There is research on this now. A study of restaurants in Milan tracked what happened to their marketing when AI tools were available versus restricted. With access to the tools, their content grew measurably more similar to each other. Same words, same structure, same rhythm. When access was cut off, two things happened: the writing became more distinct, and customer engagement went up. Likes rose by roughly three and a half percent. The sameness wasn't just aesthetically dull. It cost them attention.

That should frighten anyone in this business, because attention is the only thing we sell.

I notice it most in bios. I spent years as a journalist, on the receiving end of the pitches and profiles that agencies send when they want their client interviewed. After enough of them, you start to see it. The bios are interchangeable. You could swap the names between two of them and not notice. They read as if everyone copied off the same exam. Accomplished leader. Proven track record. Passionate about driving impact. Words that have been used so many times they've stopped meaning anything at all.

Here is the part that should bother an agency most. When a bio reads like every other bio, the journalist loses interest in the person behind it. Not the pitch. The person. And the agency that sent it quietly stops getting calls back, because nobody returns to a source that wastes their time. Worst of all is when the interview happens anyway and the spokesperson turns out to be genuinely brilliant. Sharp, original, worth the whole page. Which means the agency had something rare and introduced it badly. They buried the very person they were paid to elevate.

Good people need good agencies. That sentence is most of what I believe about this job.

The reason bios come out identical is that most of them are built from the wrong material. An agency pulls the CV, scrapes what's already online, runs it through a tool, and produces a summary of summaries. Of course it sounds like everyone else. It was assembled from the same public scraps everyone else is working from. There is no person in it. There is only a record of a person.

We do it the other way around. A bio should never be written from a CV. It should be written from the human. That means a conversation, an actual interview, where the goal is to understand the personality and not just the specialty. What does this person actually think. How do they talk when they're not performing. What's the thing they'd say if you took the corporate filter off. That is where a real profile lives, and you cannot scrape it, because it isn't published anywhere yet.

When we can, we push the high-profile people to write their own. Not because it's easier for us. It's harder.

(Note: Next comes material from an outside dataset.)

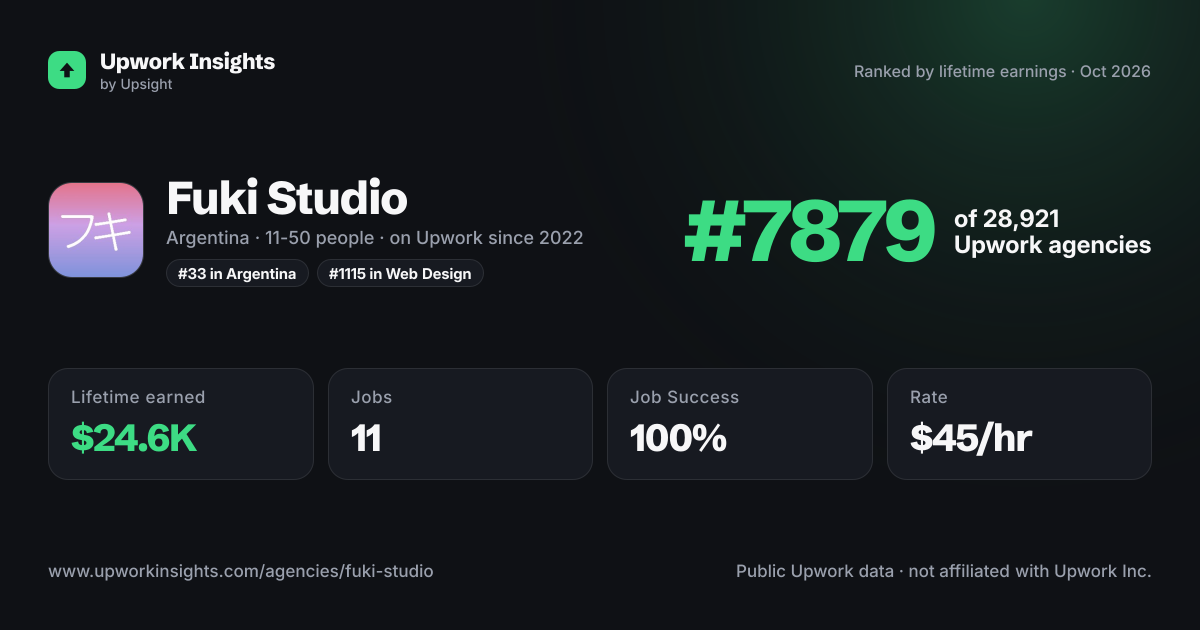 Fuki Studio share card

But a profile someone wrote in their own voice carries an authority that no agency prose ever will, and readers feel the difference even when they can't name it.

None of this is an argument against AI. I use it every day, and so does everyone good. It is excellent at the work around the writing. Finding a fact you're missing. Tracking down a source. Organizing a mess of notes into something you can move through. Summarizing a forty-page report so you can find the one number that matters. Checking a claim before it goes out the door. That is real, and it makes the work faster and better.

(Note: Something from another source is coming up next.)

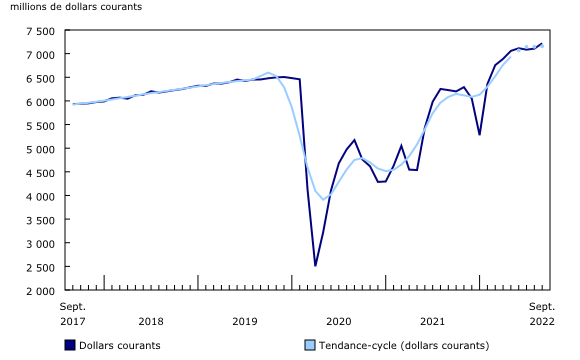 Graphique 1: Ventes des services de restauration et des débits de boissons 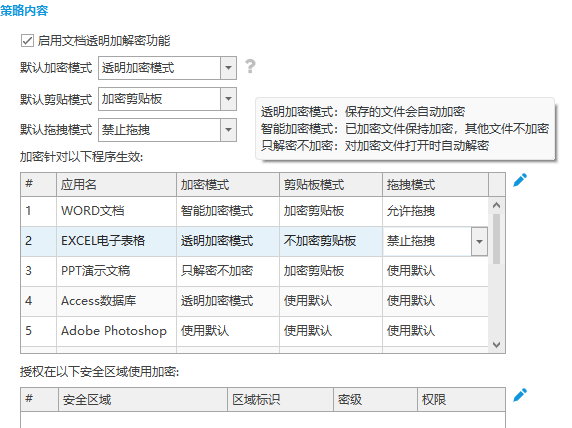 企业数据防泄密软件对比|五款安全加密软件推荐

What it cannot do is be the final writer. The moment you let the machine produce the words that go out under your name, you've handed your voice to the most average version of itself. The judgment, the angle, the decision about which true sentence to build everything around, that has to stay human. The tool does the legwork. The person does the writing.

The plainest sentence in a press release is almost always the truest one. The line that survived three rounds of stakeholder edits because nobody could think of a way to soften it without lying. That is the line your reader will remember. Find it, and put the whole weight of the work behind it.